I reminded Ben that 35 years ago, when we first met, I asked him why he and his fellow computer engineers wanted to create a machine that thought like a human. Back then, he didn’t have an answer. Now he did.
“My suspicion is that these brilliant people are also, like every one of us, flawed, particularly when it comes to interpersonal dynamics and human interaction. I think they understand and value intellect. A lot of them are flummoxed by all the ways people interact that are not intellectual – the emotional body language, the cues that a lot of these people seem to miss in everyday life. Creating artificially intelligent minds gives them an entity that matches the intellect that they value, but doesn’t exhibit the perplexing tendencies real people exhibit, that they can’t understand or process. Artificially intelligent entities aren’t judgy. And they’re not needy. They have no expectations.”
Here is a strange thing about machine learning: it feeds on the future. It promises endless possibilities but contains very few limits, and so it thrills us until it starts to scare us. To demonstrate the dilemma, let me introduce you to Richard Boyd.

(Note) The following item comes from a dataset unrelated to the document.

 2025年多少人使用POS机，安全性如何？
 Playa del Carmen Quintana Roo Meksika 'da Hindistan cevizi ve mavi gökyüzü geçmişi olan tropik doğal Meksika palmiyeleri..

Mr. Boyd is the president of Tanjo Inc. in North Carolina. He’s an entrepreneur in the world of AI-assisted virtual reality simulations. But he’s almost as famous for having built an AI version of his late father. A month after his father died in 2017, he rounded up all the material he could find pertaining to his old man, digitized it, and then transformed the data into a machine-learning avatar.
As a result, Mr. Boyd can (and does, sometimes daily) ask his AI “Dad” – equipped with a Chat-GPT-like deep language program – what he thinks of current developments in the world. A former Air Force pilot who served in Vietnam, his father tends, in death, to skew Republican. “Any time there’s a school shooting or anything like that,” Mr. Boyd said, “he’s still very Second Amendment.”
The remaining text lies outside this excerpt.